*DIRECTIONS FOR THIS TASK:* Range to copy from the entries below: the line containing "Now next time" through the line containing "Lemon and egg", inclusive. Retype only those lines, exactly, without any images.

*DATA FOR THIS EXERCISE:*

╭──

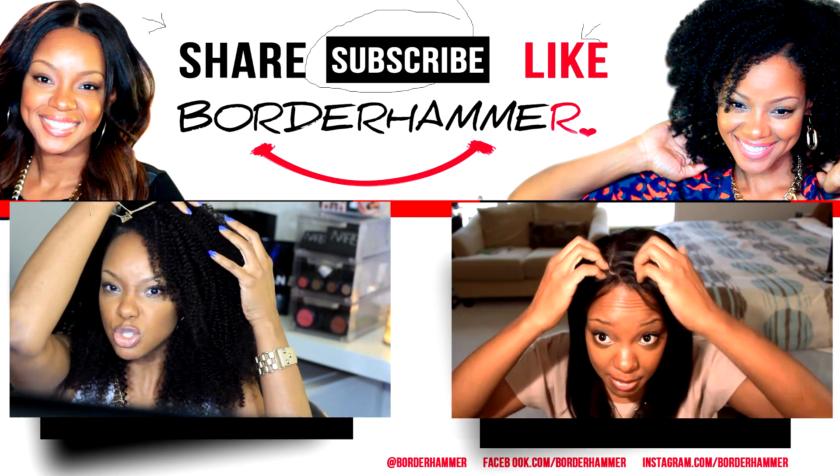I don't have any hair out, guys. I'm going to show you in the video, but it's really, really good. Anyway, watch the video.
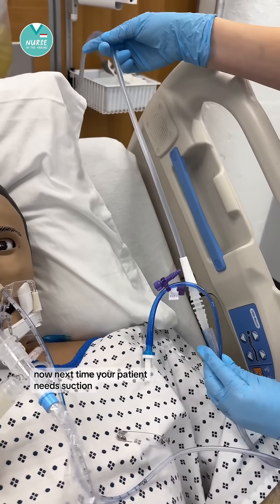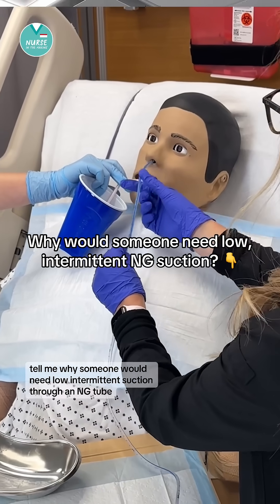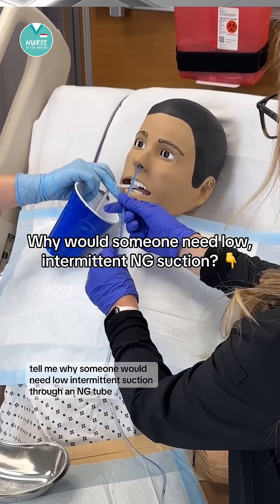Now next time your patient needs suction, you'll know what settings to use. In the comments, tell me why someone would need low intermittent suction through an NG tube.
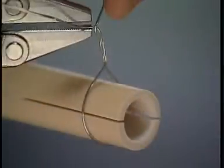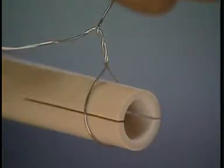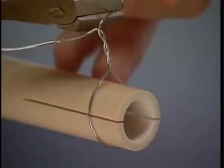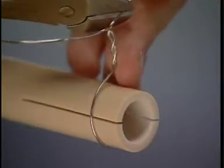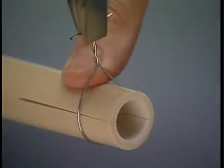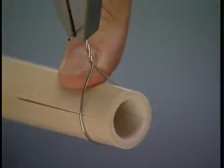The two free ends of the wire are bent 90 degrees and held securely while excess wire ends are cut off. The thumb is used to help keep the wire 90 degrees to the long axis of the bone. In surgery, an instrument would be used for this purpose. The wire is twisted with even tension applied until it engages the bone.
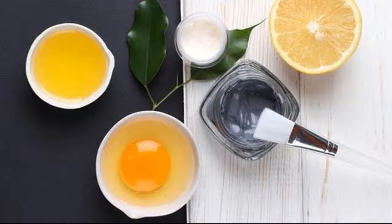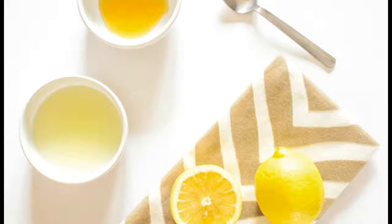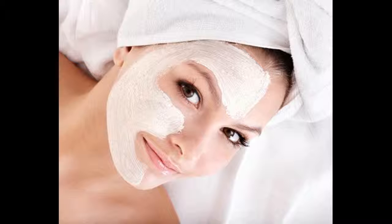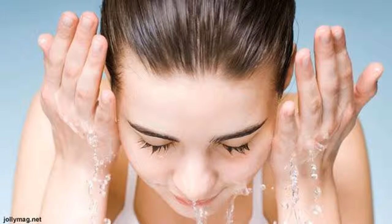Lemon and egg white mask: mix one egg white and two tablespoons of lemon juice. Separate the mixture into three parts. Apply the first part on the face, leave it to dry, then apply the second part, leave that to dry, and finally apply the last part. This will help you get rid of acne and achieve soft and healthy skin. Wash it off with lukewarm water and pat dry with a towel.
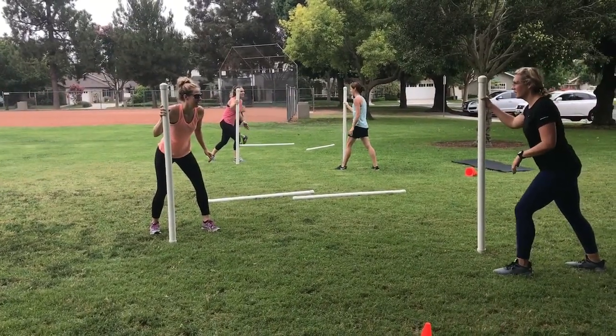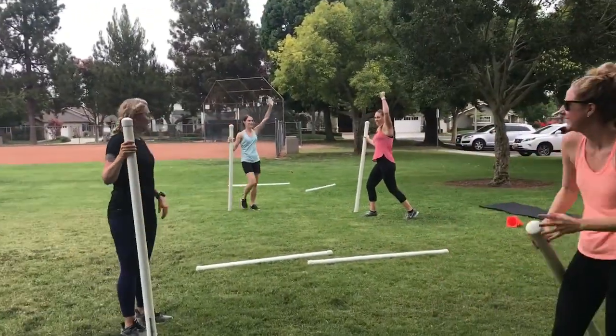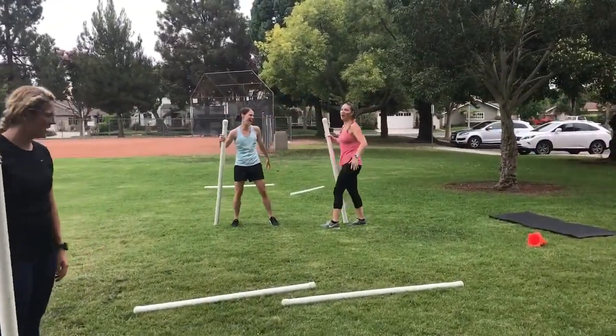You have to be really careful the bar doesn't fall on anybody, but I made these bars out of PVC pipe and I put sand inside. Awesome workout tool.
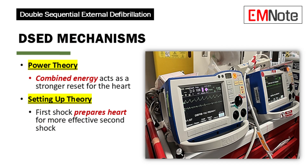Two main theories explain how double sequential external defibrillation works on a physiological level. First, the power theory: this suggests that the combined energy from two almost simultaneous shocks acts like a supercharged reset button for the heart. Second, the setting-up theory: this proposes that the first shock changes the heart's electrical environment, making it more receptive to the second shock.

╰──

*EXPECTED ANSWER:*
Now next time your patient needs suction, you'll know what settings to use. In the comments, tell me why someone would need low intermittent suction through an NG tube.
The two free ends of the wire are bent 90 degrees and held securely while excess wire ends are cut off. The thumb is used to help keep the wire 90 degrees to the long axis of the bone. In surgery, an instrument would be used for this purpose. The wire is twisted with even tension applied until it engages the bone.
Lemon and egg white mask: mix one egg white and two tablespoons of lemon juice. Separate the mixture into three parts. Apply the first part on the face, leave it to dry, then apply the second part, leave that to dry, and finally apply the last part. This will help you get rid of acne and achieve soft and healthy skin. Wash it off with lukewarm water and pat dry with a towel.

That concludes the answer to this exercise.